Kharkiv: Victory on ruins

Kharkiv: Victory on ruins

A mixture of petrol and gas smells hang in the air, and the flames are still feeding on one of the properties. On Thursday, May 12, it was four days since the Ukrainian army recaptured Tsyrkuny. Or what’s left of the Kharkiv suburb.

At the time of the visit, the Ukrainian counter-offensive is still ongoing. The army has already pushed the enemy out of the urban area. Kharkiv has not recorded any rocket hits for several days. According to Ukrainian soldiers, the black clouds of smoke on the horizon, which can be seen rising from the city center behind the hills, are evidence of this. They also attribute the rumble of artillery fire, which can still be clearly heard a few kilometers away, to the successful advances of their comrades.

From Tsyrkuny the front is much closer. Barely eight kilometres to the north, about three to the east, according to Liveuamap data. There are hardly any people on the streets here. We are only allowed to take photos and videos from the car, the risk of mines lying between the rubble or on the side of the road is too big. But the extent of the destruction can also be documented from the journey. The Church of St. Nicholas is one of the few buildings that appears to have survived the fighting well.

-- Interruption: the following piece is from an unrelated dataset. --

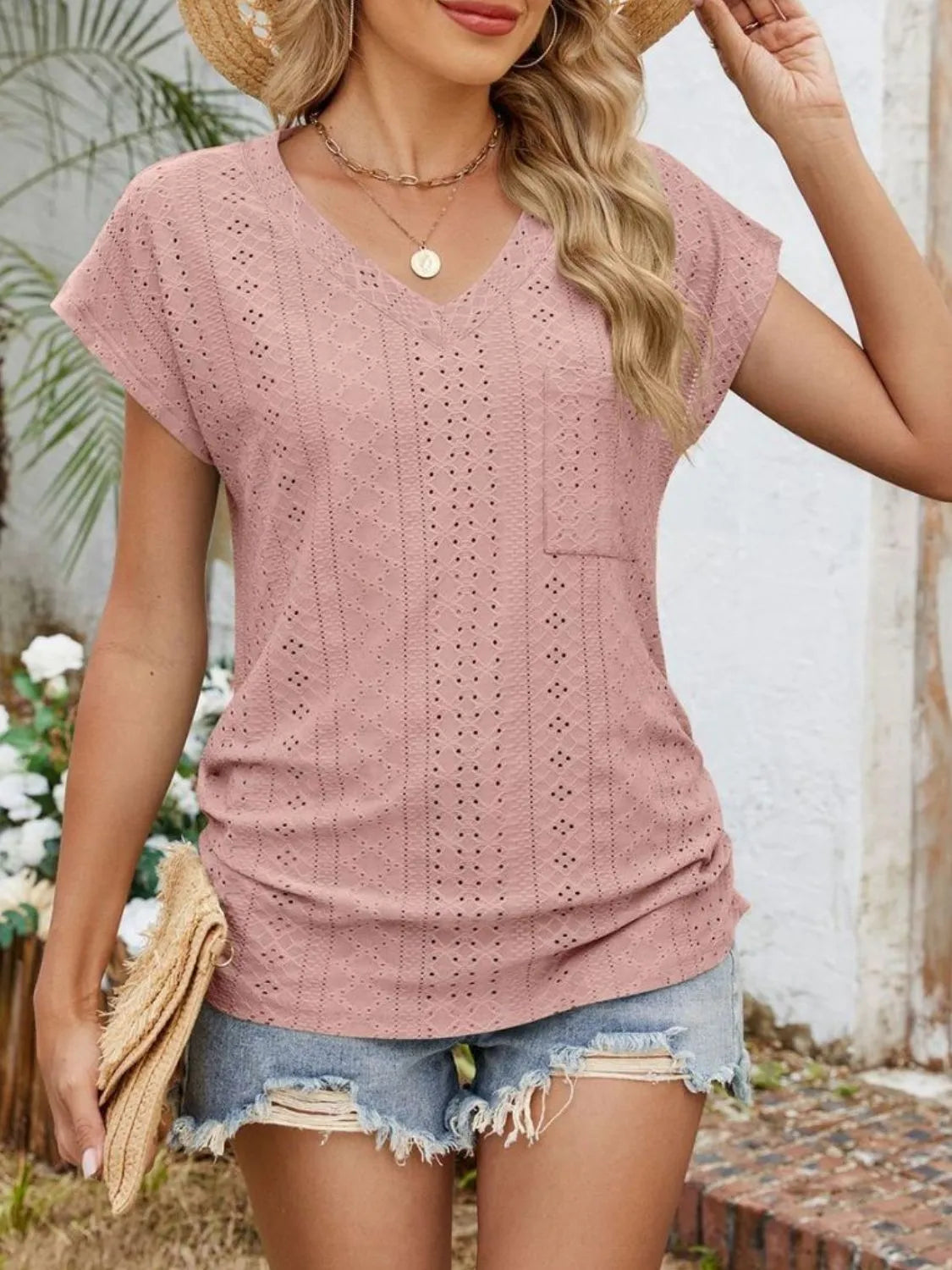 Eyelet V-Neck Short Sleeve Top - felvior
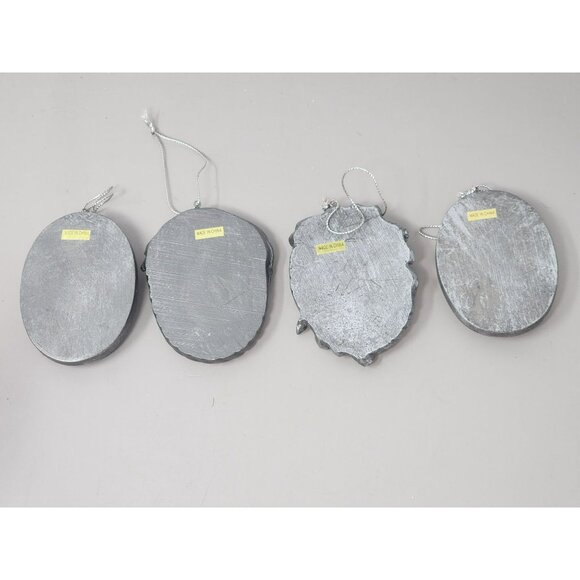 Set Of 4‎ Silver Tone Christmas Holiday Ornaments With Pinecones & Deer Design - Picture 2 of 8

Further back in the city, in the Saltivka district, dozens of people still live in a subway station. On mattresses and wrapped in sleeping bags and blankets, they occupy the steps and the anteroom. In the aisle in front, volunteers distribute meals. It’s only a few dozen steps from the warm sunshine to a completely different dark world.

The atmosphere here is still one of fear and insecurity. Will the fights come back? Traces of soot even on the upper floors of the surrounding high-rise buildings, shattered window panes and commercial areas covered down to the metal scaffolding bear witness to the violence of the previous few days in Kharkiv.

A similar trail of devastation stretches along the E105 trunk road, along which Russian tanks are said to have rolled almost as far as Gorky Park in Kharkiv; almost 4000 kilometers long, it once covered the route from Yalta in Crimea, annexed by Russia, to Kirkenses in Norway. On the way there, there are still shrapnels from a rocket by the wayside. The adjacent School of Physics and Technology (Phystech) of the Kharkiv National V.N. Karasin University is only a shadow of its former self. What a rocket hit on a multi-story house looks like can be seen in a nearby residential area.

Meanwhile, not every destroyed house can be attributed to Russian shelling, as On the Ground learns on site in Kharkiv. But they are due to the invasion of troops: The ruins of a school building were caused by the Ukrainian army itself. 17 Russian soldiers had entrenched themselves here, but only four accepted the offer to surrender. “So a tank came and shot at every window,” it is said. War is merciless.